With other stories too, I get the best ideas as I write and I’m not very good at planning to be honest. But sometimes I have no other choice but to plan, like with a murder mystery I’m working on, there needs to some sort of plan for the plot!
Can you tell us what you’re working on next?
Gladly! I’m working on way too many things (like most writers probably…)
There are some ideas for a Painting Flowers prequel sort of story that focuses more on Laurie and Austin who are only minor characters in Painting Flowers, but it’s really quite difficult to plot because I have to keep checking what I said in Painting Flowers…so it’s taking a veeery long time.
There’s also a Greek mythology retelling I started to write! The story of Orpheus and Eurydice, just with siblings instead of lovers.
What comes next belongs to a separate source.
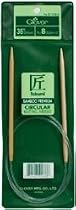 Clover Takumi Bamboo Circular 36-Inch Knitting Needles, Size 8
It’s on the more mysterious and kind of horror side of writing and I’m very excited to experiment with that!
So excited for all these projects! And lastly…what have been some of your favourite author moments so far?
Oh, that’s difficult to pick! I don’t think I can just pick a single one, so I’ll list my top three 🙂
First of all: This interview! I can give interviews about my book now, what!?
I also always get ridiculously excited when people send me pictures of my book on their shelf, it’s so wonderful to see that it really is out there, that people are holding this story, that people are reading it and falling in love with it.
And lastly, there’s a question I asked every one of my test readers and that I absolutely love to hear about when other readers tell me: who is your favourite character?
My test readers got a little mad they had to pick one, but in the end they all had their own little darling. It’s so special to me to hear why they love this character best. Sometimes it’s because people saw themselves in this character, sometimes it’s because they loved how I wrote them. Any way, it’s just really beautiful and incredible to hear people talk about my story.
Ahhh it was a total honour to have you here for an interview. 💛 Congrats on your beautiful book!